Mastering LSAT Logical Reasoning and Beating the LSAT Logic Games
The Law School Admissions Test (LSAT) is a standardized test designed on the basis of justifying conclusions and countering arguments. While most of the test is administered in a straight-forward multiple choice structure, the test itself is quite challenging when you get down into the weeds on each question.
During the three-hour exam, you will be asked a variety of questions that focus on logic and analysis. Your reading skills must be effective, but more than that you will need to know how to justify arguments – regardless of whether you agree with them – in order to perform your best. Nowhere is this more apparent than on the logical reasoning portion. Here are some questions to ask to help you go beyond the answer itself. If you can do that, then there is nothing the test will throw out that you can’t handle.
1. Are there any misrepresentations of an argument?
Part of the challenge of the logical reasoning section is in the wording of each answer option. Most of the time, the test-taker gets five options and must select from a field of responses that each contain some kernel of truth. For instance, if the relationship between A and B is SOMETIMES true, you might be misled by an answer that states the relationship is ALWAYS true. Misrepresentations of an argument are often difficult to determine when exceptions are involved. Be mindful of answer possibilities that use this approach.
2. Is every part of the argument represented?
Sometimes wrong answers aren’t wrong at all. They simply don’t state all of the facts. Remember when you were younger and you went somewhere you weren’t supposed to go, so to cover up you called your parents and inferred you were somewhere else without directly stating it – like somewhere that you’d visited on the way to that crazy party?

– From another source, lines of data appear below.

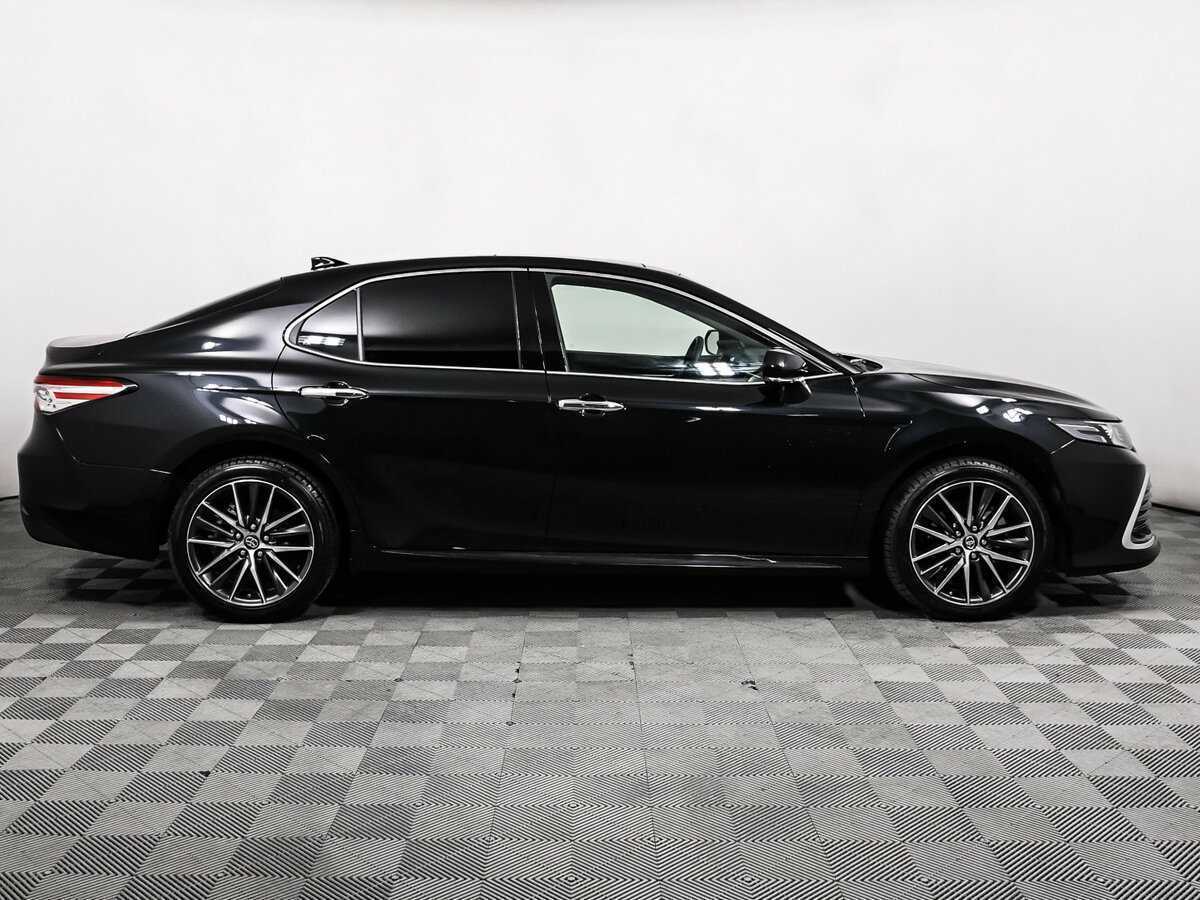 Toyota Camry с пробегом — 2023 год. Фото: #3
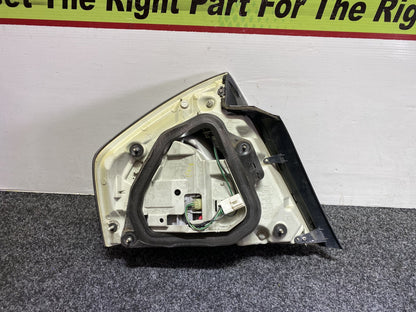 2004 Nissan Fuga - Right Taillight PN: 220-63786
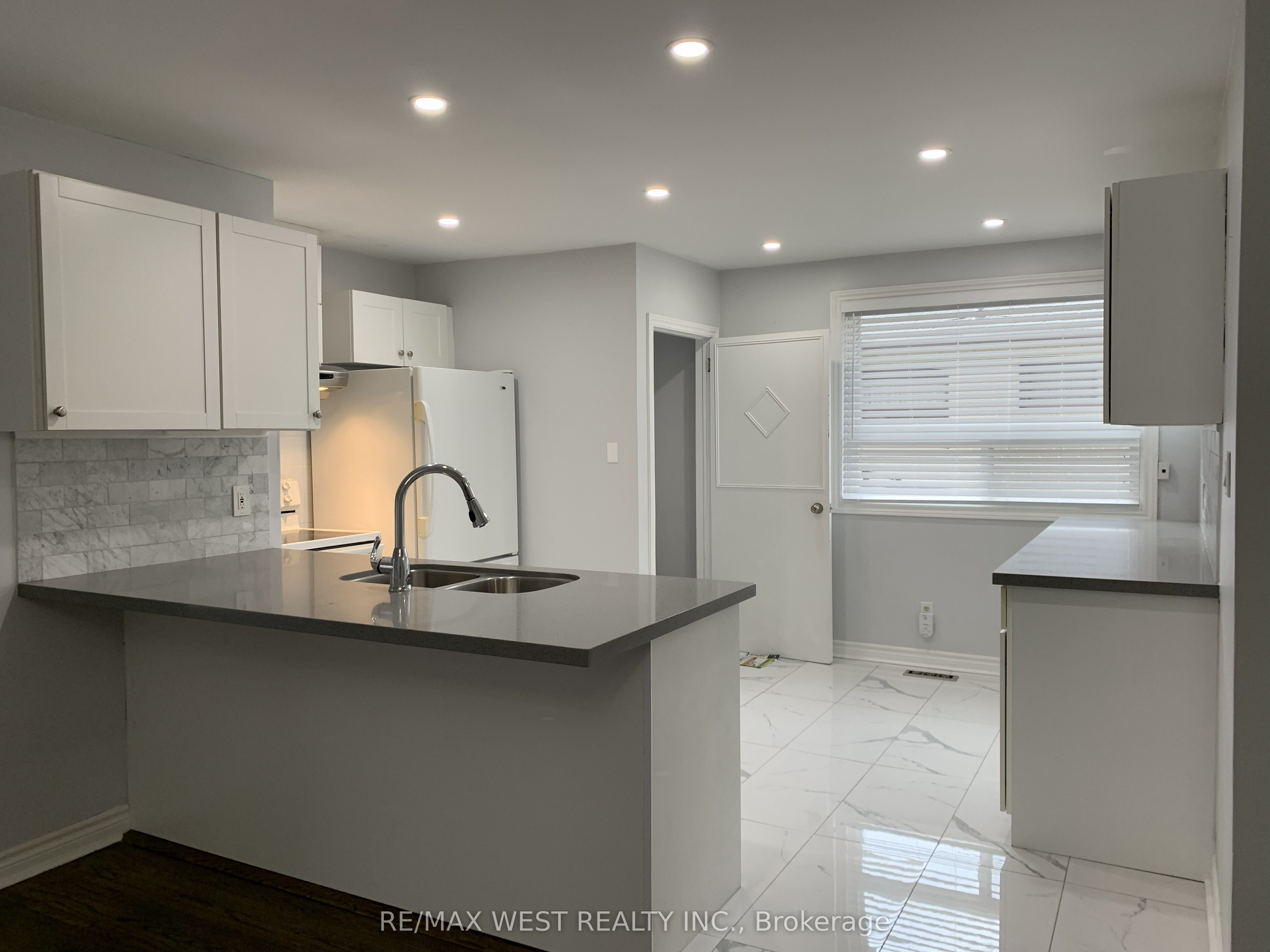 241 Ashlar Road Property Photo 6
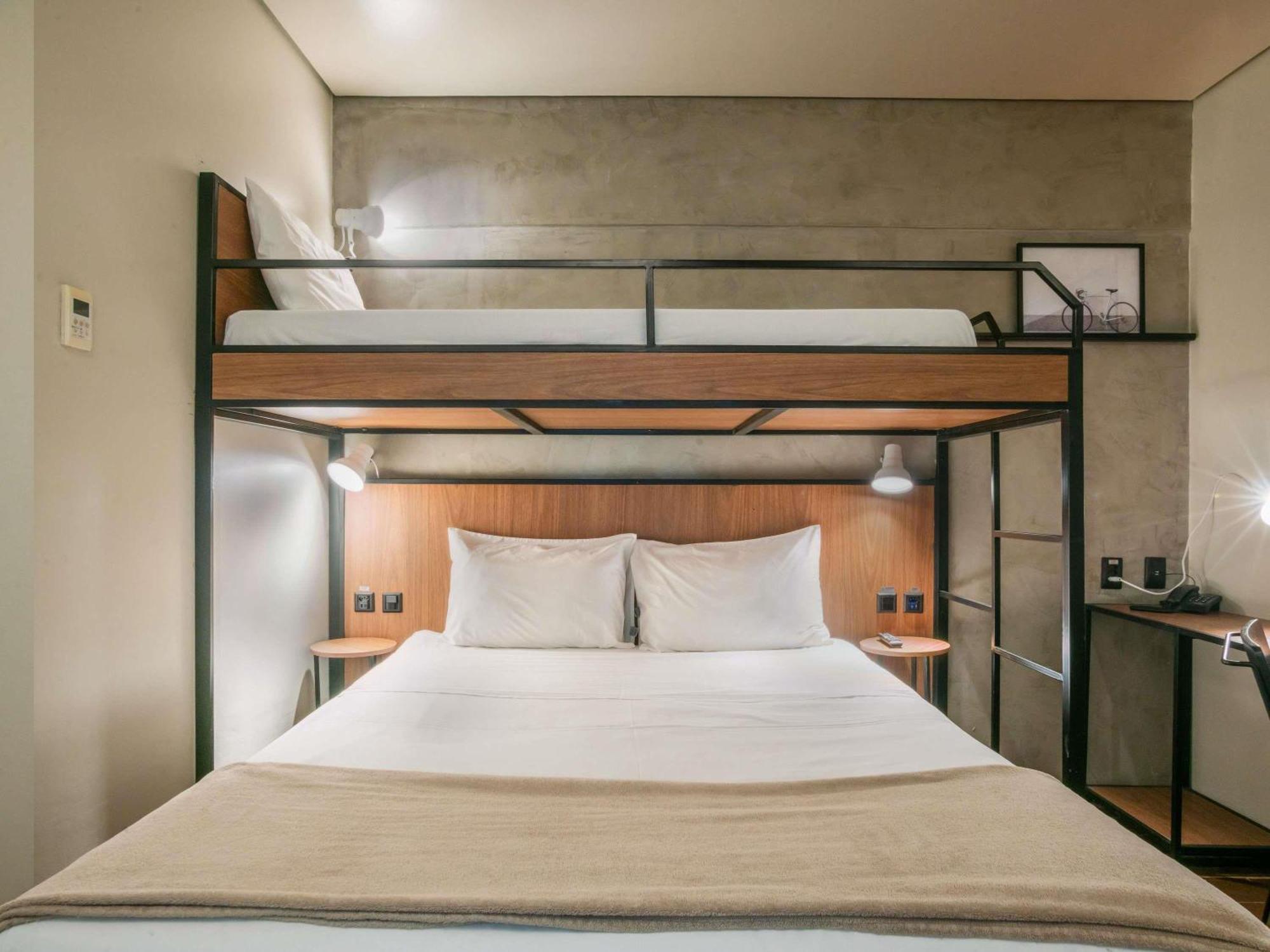 Ibis Hotel 3*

We’re betting that if you got caught, Mom and Dad didn’t commend you for telling part of the truth and avoiding the lie. They more than likely looked at the whole attempt as invalid and cut you off from all social activities. While the logical reasoning section of the LSAT cannot physically ground you, it can negatively affect your score and, thus, your chances of getting in to a good law school. Better look for responses that deal with every part of the argument presented and are truthful about each one. And that brings us to the final question:
3. Does the response coincide with each portion of the argument?
If you’re in a court of law and simply express the facts that make your client look innocent without addressing the fingerprints on the gun and the powder burns on his fingernails, you probably won’t do a very effective job at getting a “not guilty” verdict. (Then again, there’s O.J., so who knows?) But in all seriousness, the LSAT is looking for answers that coincide with each beat of the argument. This means it’s your job to have objectivity and attention to detail – two attributes that permeate throughout the exam, but especially on the logical reasoning portion.
4 Tips for Nailing the LSAT Logic Games
The analytical reasoning (popularly known as the “Logic Games”) portion of the Law School Admission Test (LSAT) exam is one of the more challenging obstacles on the road to your perfect 180 score. How you do on this section goes a long way in determining whether you are “lawyer material” to the more than 180 law schools throughout the country. But it doesn’t have to be as hard as it seems if you employ these basic tips for success.
1. Get visual.
Arguments will be presented to you in words but don’t be afraid to get visual. To understand how this can help you, let’s look at the type of basic test question you will see.
A small business owner creates a set of six-digit product codes. Each code uses 0, 1, 3, 5, 7 and 9. These six numbers appear one time in each of the codes. The third digit has a value at least twice that of the first digit. The value of the second is less than the value of the fourth. The final digit is one-third of the fourth. If the final digit is 3, then the following must be true.
- the first digit is 0.
- the second digit is 5.
- the third digit is 5.
- the fourth digit is 1.
- the fifth digit is 9.
In this case, it is wise to start by creating a code that would fit within the guidelines. You might have to move numbers around to make it work, but if you have scrap paper handy, that shouldn’t be a problem. After trial and error, I came up with 175903 before ever looking at the options. As I read through those, it became clear that C is the correct answer. But I didn’t get there before starting out with 013579. From there, I read one clue at a time and rearranged as necessary until whammo, it became clear as day. Without the visual mapping process, however, this question would have been very frustrating to complete.
2. Read carefully.
Going back over the details is important. You usually can’t get the right answer by simply reading the question through once and selecting a letter. We recommend skimming the question once to get an overview of what it’s asking. Next, read clue-by-clue and create a visual model on scratch paper (see No. 1).
3. Put the clock on the back-burner.
You are working under a time limit, but don’t let it dictate your performance until absolutely necessary. Stay calm. Take steady, measured breaths. Answer as many questions as you can using your knowledge and confidence. Don’t guess until time becomes a critical factor. Force yourself to be aware of time but let analytical reasoning be the primary driver.
4. Always be mindful of what is being asked.
This comes with skimming, reading and re-reading the question. Learn to take an overview and hone in on specific details and learn to do it quickly. And most important of all, don’t get ahead of yourself and assume you know what the question is asking before actually confirming it through your ability to read, discern and deduce.